━━━━━ Supplied entries

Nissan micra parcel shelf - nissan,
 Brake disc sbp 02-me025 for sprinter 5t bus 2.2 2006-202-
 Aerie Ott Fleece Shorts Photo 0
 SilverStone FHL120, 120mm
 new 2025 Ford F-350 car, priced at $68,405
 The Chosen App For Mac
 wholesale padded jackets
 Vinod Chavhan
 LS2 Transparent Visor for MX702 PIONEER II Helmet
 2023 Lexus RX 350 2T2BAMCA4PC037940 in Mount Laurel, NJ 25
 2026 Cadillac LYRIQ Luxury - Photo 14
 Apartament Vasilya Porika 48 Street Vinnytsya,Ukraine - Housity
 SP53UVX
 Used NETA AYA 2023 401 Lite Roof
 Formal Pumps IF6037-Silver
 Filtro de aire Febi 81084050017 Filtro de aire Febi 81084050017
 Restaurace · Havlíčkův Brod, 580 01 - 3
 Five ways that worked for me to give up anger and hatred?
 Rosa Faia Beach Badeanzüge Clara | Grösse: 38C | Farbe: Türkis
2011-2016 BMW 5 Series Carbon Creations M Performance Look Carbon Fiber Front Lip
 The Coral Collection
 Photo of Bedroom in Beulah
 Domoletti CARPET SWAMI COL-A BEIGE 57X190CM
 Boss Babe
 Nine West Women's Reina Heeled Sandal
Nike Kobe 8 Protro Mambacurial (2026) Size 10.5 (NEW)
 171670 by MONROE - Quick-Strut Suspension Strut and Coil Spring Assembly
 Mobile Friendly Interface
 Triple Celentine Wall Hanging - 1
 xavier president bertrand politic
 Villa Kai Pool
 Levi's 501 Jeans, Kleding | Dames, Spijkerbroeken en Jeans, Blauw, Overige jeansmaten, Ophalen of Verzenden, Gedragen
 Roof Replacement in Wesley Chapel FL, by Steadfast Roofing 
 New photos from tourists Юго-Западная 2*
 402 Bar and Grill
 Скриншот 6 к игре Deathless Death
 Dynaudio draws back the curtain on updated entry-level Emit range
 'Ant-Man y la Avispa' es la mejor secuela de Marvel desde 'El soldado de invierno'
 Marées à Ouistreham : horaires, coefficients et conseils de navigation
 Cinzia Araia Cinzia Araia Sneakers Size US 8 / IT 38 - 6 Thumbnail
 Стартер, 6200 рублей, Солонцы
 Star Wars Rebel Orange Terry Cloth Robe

━━━━━━━━━━

Work instruction = Tally up the lines holding the string "Size" in the data above, and respond with nothing but the number.

Answer for this exercise = 2